A well‑established principle is the presumption
that a state is capable of protecting its citizens. The Federal Court has
repeated many times that international protection should be offered only to a
person who shows that he or she cannot receive the protection of his or her country.
In order to rebut the presumption that a state can effectively protect its
citizens, the claimant had to present to the panel clear and convincing
evidence of the state’s inability to protect him.
This is what Presiding Member Michelle Langelier stated in
the decision of the Immigration and Refugee Board’s Refugee Protection
Division.
[2]
In addition, as thoroughly analyzed by Mr.
Justice Yves de Montigny in Campos Navarro v. The Minister of Citizenship and Immigration, 2008 FC 358, [2008] F.C.J. No. 463 (QL),
[12]
With
regard to internal flight alternative, it has been common practice to apply the
standard of patent unreasonableness given the highly fact-driven nature of such
decisions: see, for example, Ali v. Canada (Minister of Citizenship and
Immigration), 2001 F.C.T. 193; Ezemba v.

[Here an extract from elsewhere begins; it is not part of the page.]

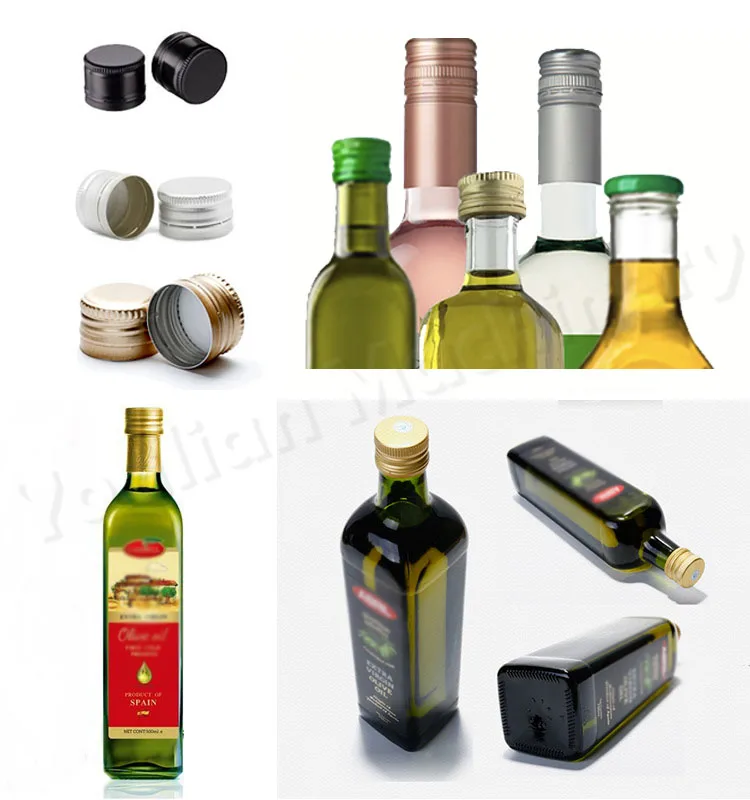 DK-50 Semi-Automatic Wine Bottle Cap Locker Olive Oil Whisky Metal Capper Locking Pressing Aluminum Lid Sealing Capping Machine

Canada (Minister of Citizenship and
Immigration),
2005 F.C. 1023. However, the Supreme Court of Canada recently determined in Dunsmuir v.
New Brunswick, 2008 S.C.C. 9 [Dunsmuir] that the two reasonableness
standards should be merged into a single standard, given the problems that
arise in trying to apply the two standards and the incongruity of parties being
required to accept an irrational decision simply because, on a deferential
standard, the irrationality of the decision is not clear enough.
[13]
Does this
mean that the application of a single standard of reasonableness invites
greater judicial intervention? I do not think that this is the intended meaning
and scope of the Dunsmuir judgment. On the contrary, Bastarache and
LeBel JJ. emphasize the deference courts must show when lawmakers decide to
entrust an administrative body with the responsibility of making certain
decisions when enforcing its enabling legislation. Here is what they have to
say about the matter.
[48] The move towards a single
reasonableness standard does not pave the way for a more intrusive review by
courts and does not represent a return to pre-Southam formalism. In this
respect, the concept of deference, so central to judicial review in
administrative law, has perhaps been insufficiently explored in the case law.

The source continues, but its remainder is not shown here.